Wystawa:
01.04.2022 — 30.04.2022
Wernisaż: 31.03.2022, godz. 18:00
Miejsce: Stacja Orunia GAK, ul. Dworcowa 9, Gdańsk
Artystki biorące udział w wystawie:
Anna Brudzińska
Natalia Koniuszy
Grażyna Kunicka
Anka Mierzejewska
Aleksandra Prusinowska
Joanna Rusinek
Krystyna Suchwałło
Emilia Wernicka
Maria Witczak
Kuratorka: Anna Brudzińska
Miejsce: Galeria Peron / Stacja Orunia / Gdański Archipelag Kultury
Koncepcja tej wystawy powstała w odpowiedzi na zaistniałą sytuację wkroczenia wojsk rosyjskich na Ukrainę.
Tak naprawdę miała to być zupełnie inna wystawa. Planowaliśmy wcześniej inną ekspozycję, inspirowaną książką Portret damy Henry’ego Jamesa i filmem pod tym samym tytułem, prezentującą różne wizerunki kobiet – współczesnych „dam” z dwudziestego pierwszego wieku w ich drogach ku niezależności.
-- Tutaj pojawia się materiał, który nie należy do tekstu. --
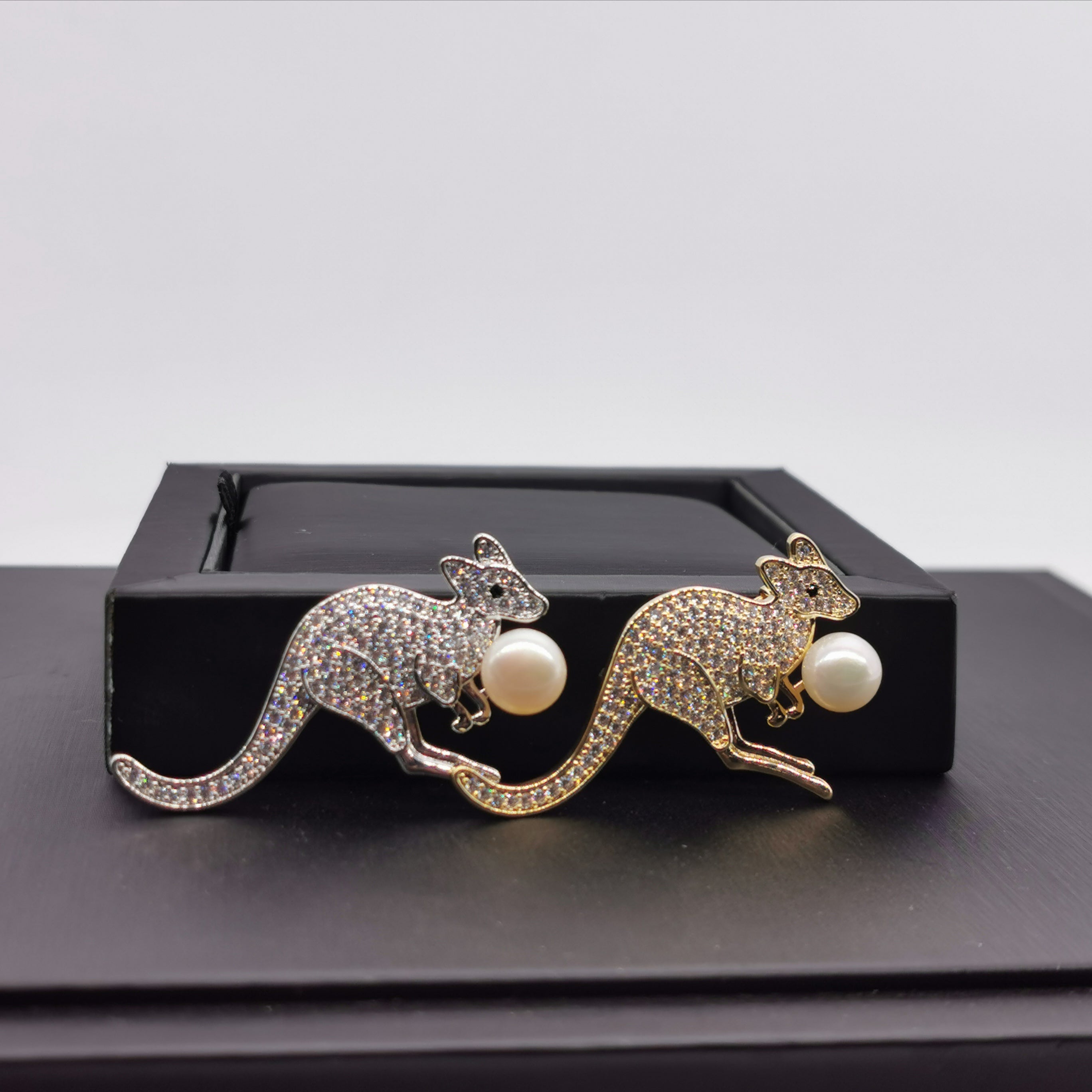Kangaroo freshwater pearl /shell pearl brooch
Jednakże w obliczu toczącej się za naszą granicą wojny wiele tematów ulega przewartościowaniu i traci na znaczeniu. Relacje z działań wojennych, a następnie fala uchodźców – najczęściej kobiet z dziećmi, uciekających w celu znalezienia bezpiecznego schronienia, wywołały wiele refleksji, ale i chęć pomocy, szlachetną solidarność z potrzebującymi. Stąd zmiana formuły i związana z tym nowa wystawa poruszająca kwestie kobiece w rzeczywistości takiej jaką teraz mamy, czyli wojny.
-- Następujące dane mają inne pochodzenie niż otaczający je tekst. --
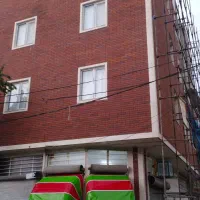 آپارتمان-140-متری-تکواحد-سند-پارکینگ-آسانسور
Okazało się, że artystki szybko zareagowały na dziejącą się historię, tworząc w odpowiedzi na zaistniałe dramatyczne okoliczności. Na wystawie „Kobieta i nie-pokój” znajduje się część takich prac. Patrząc na nie nasuwa się wiele pytań, m.in. w czym kobiety mogą znaleźć prawdziwe bezpieczeństwo…? Jeśli trzeba uciekać i zostawić własny dom? A gdy potem okazuje się, że już go nie ma bo trafiła w niego jedna z wrogich rakiet?
A przecież wojny też mogą być inne. To pola bitew i walki kobiet na różnych płaszczyznach: wewnętrznej, w społeczeństwie, wreszcie o nie same. To druga odsłona i nieco inny kontekst dzieł tej wystawy.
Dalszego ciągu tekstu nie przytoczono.